__TASK GOAL__:
Please print exactly the lines from the one containing "We won't get" through the last line of the records, and only those. Leave out any pictures.

__PROVIDED ENTRIES__:
================================
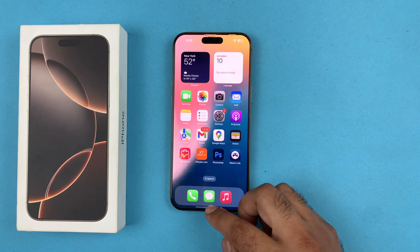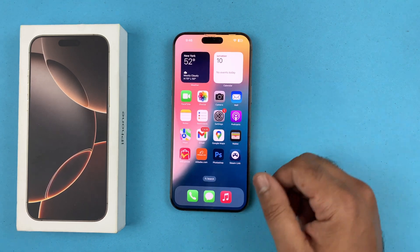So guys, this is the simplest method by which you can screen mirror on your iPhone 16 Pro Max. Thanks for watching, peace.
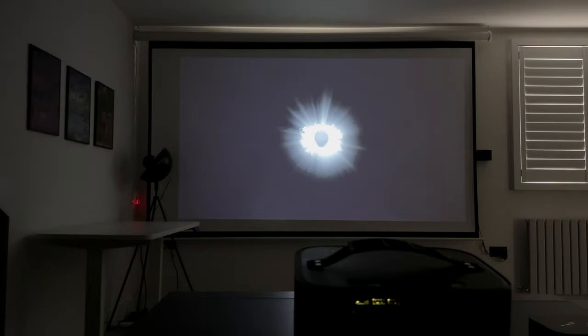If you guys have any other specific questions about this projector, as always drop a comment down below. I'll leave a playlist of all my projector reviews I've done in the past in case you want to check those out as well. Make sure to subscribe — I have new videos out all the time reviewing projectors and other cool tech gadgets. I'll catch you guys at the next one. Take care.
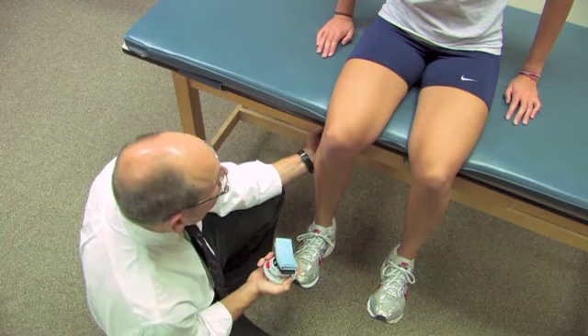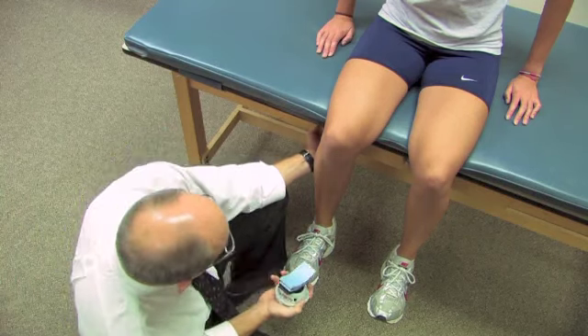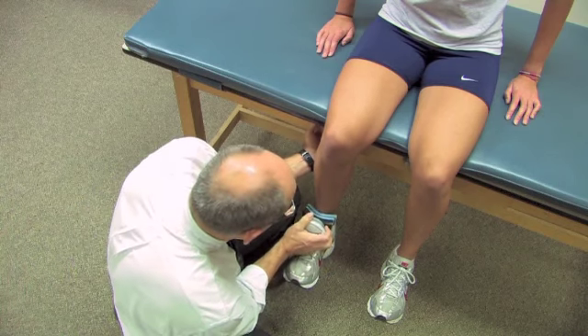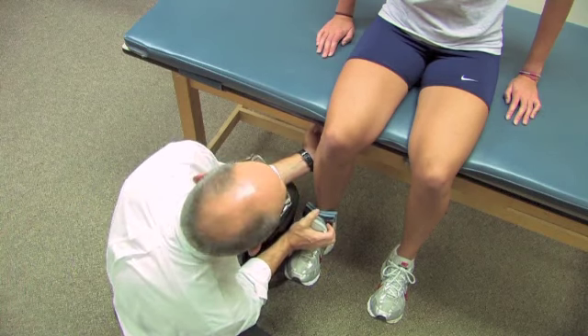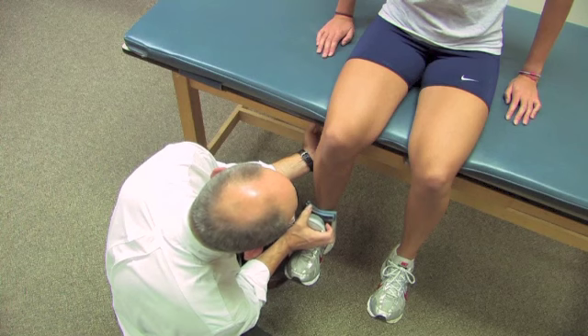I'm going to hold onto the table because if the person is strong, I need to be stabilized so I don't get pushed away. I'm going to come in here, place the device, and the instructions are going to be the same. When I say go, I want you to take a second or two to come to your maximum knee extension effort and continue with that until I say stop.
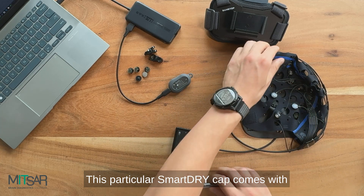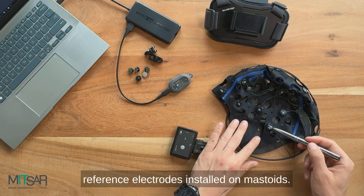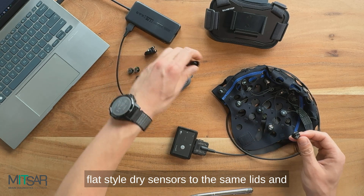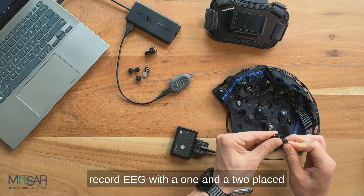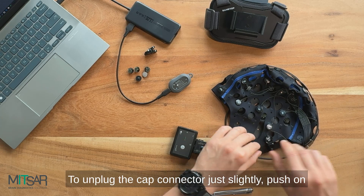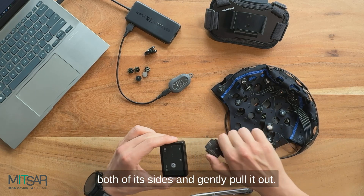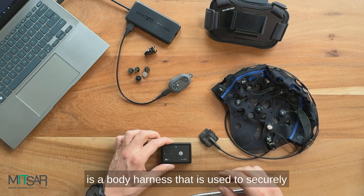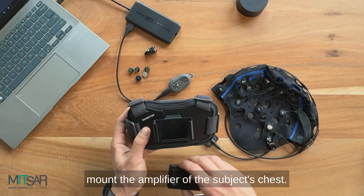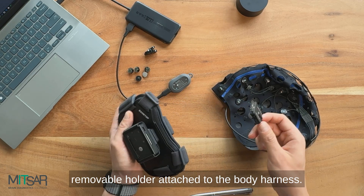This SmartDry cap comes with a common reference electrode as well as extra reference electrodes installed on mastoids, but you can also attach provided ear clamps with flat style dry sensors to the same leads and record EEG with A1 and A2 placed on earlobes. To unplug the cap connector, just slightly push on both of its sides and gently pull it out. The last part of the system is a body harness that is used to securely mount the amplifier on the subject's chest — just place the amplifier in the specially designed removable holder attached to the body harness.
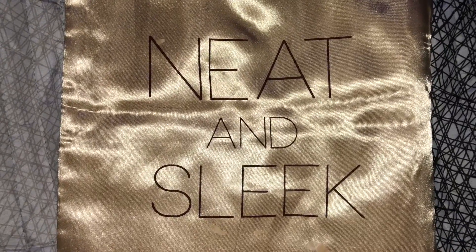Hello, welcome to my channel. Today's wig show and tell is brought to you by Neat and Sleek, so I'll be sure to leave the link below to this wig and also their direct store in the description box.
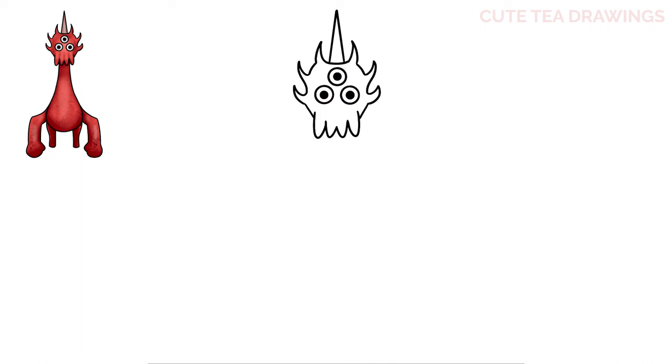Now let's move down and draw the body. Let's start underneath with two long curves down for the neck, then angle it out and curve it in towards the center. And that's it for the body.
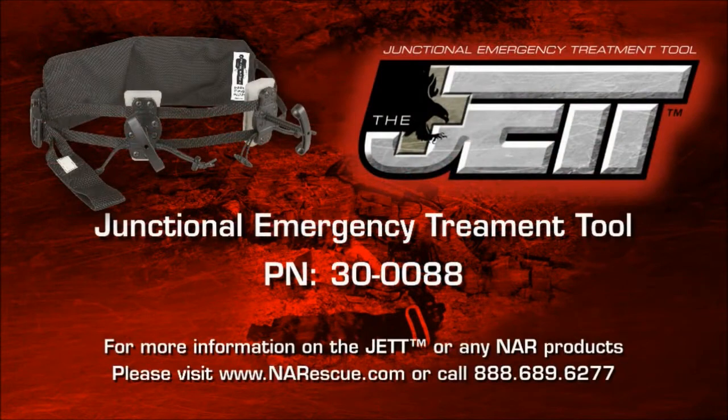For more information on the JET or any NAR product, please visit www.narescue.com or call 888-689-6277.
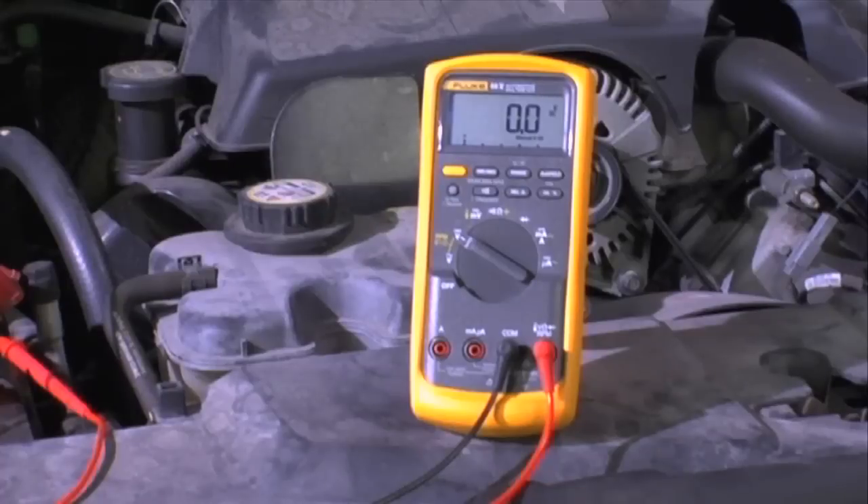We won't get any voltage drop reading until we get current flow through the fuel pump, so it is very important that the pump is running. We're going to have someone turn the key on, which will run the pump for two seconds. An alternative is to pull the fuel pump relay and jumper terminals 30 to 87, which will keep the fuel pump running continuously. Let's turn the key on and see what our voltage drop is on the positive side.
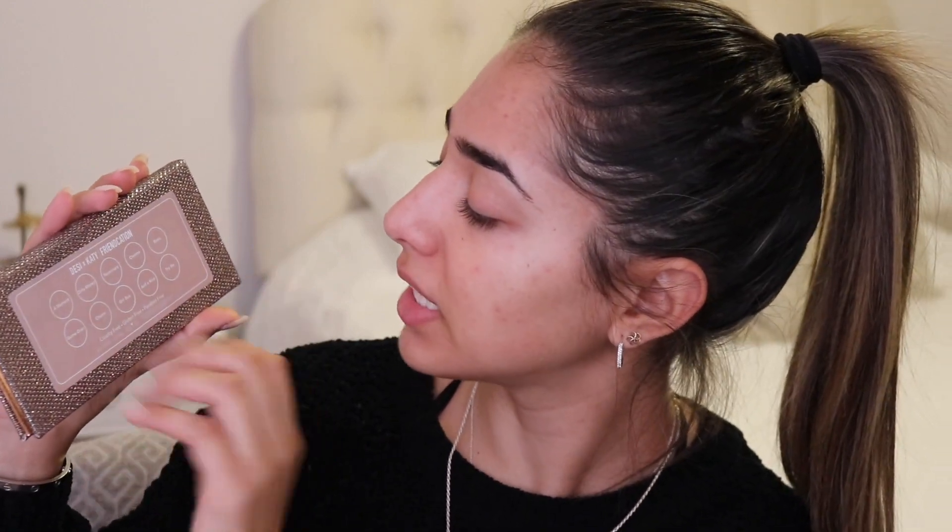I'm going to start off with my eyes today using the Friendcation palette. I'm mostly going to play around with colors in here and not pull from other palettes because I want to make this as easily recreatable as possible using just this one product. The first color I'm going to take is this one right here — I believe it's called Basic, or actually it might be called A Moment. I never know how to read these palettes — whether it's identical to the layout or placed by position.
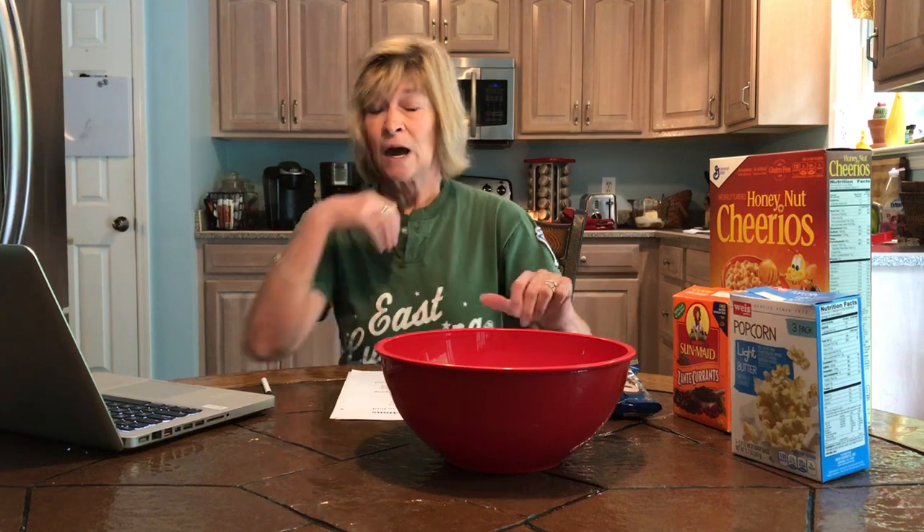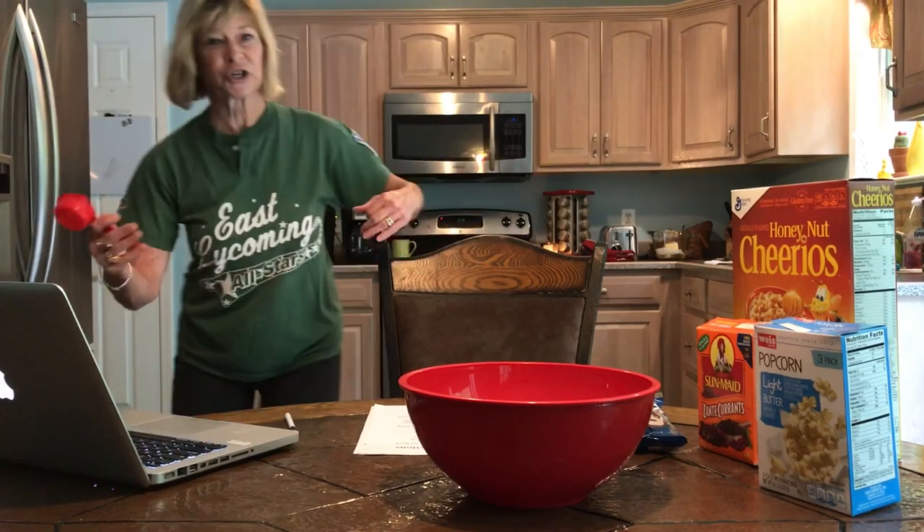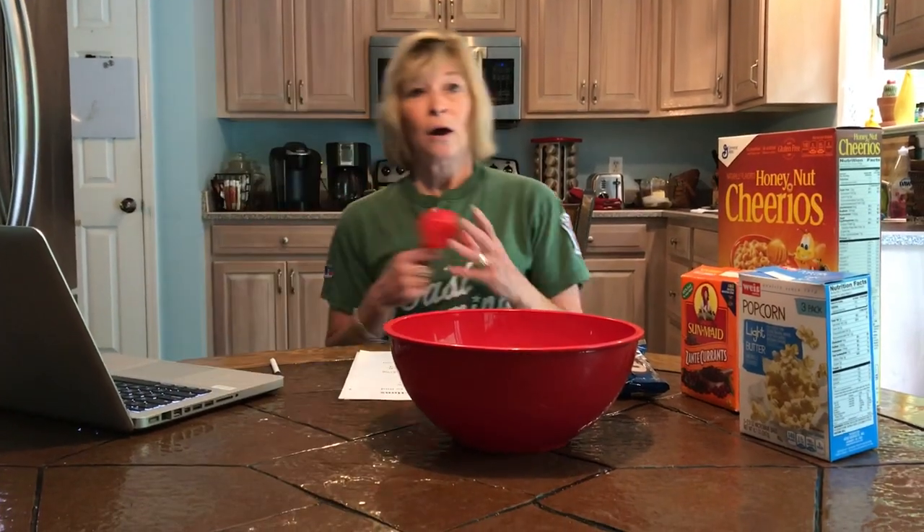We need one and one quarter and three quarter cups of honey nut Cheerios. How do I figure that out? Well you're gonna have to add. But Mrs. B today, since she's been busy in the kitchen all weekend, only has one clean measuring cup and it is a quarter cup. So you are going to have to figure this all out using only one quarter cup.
================================
__SOLUTION__:
We won't get any voltage drop reading until we get current flow through the fuel pump, so it is very important that the pump is running. We're going to have someone turn the key on, which will run the pump for two seconds. An alternative is to pull the fuel pump relay and jumper terminals 30 to 87, which will keep the fuel pump running continuously. Let's turn the key on and see what our voltage drop is on the positive side.
I'm going to start off with my eyes today using the Friendcation palette. I'm mostly going to play around with colors in here and not pull from other palettes because I want to make this as easily recreatable as possible using just this one product. The first color I'm going to take is this one right here — I believe it's called Basic, or actually it might be called A Moment. I never know how to read these palettes — whether it's identical to the layout or placed by position.
We need one and one quarter and three quarter cups of honey nut Cheerios. How do I figure that out? Well you're gonna have to add. But Mrs. B today, since she's been busy in the kitchen all weekend, only has one clean measuring cup and it is a quarter cup. So you are going to have to figure this all out using only one quarter cup.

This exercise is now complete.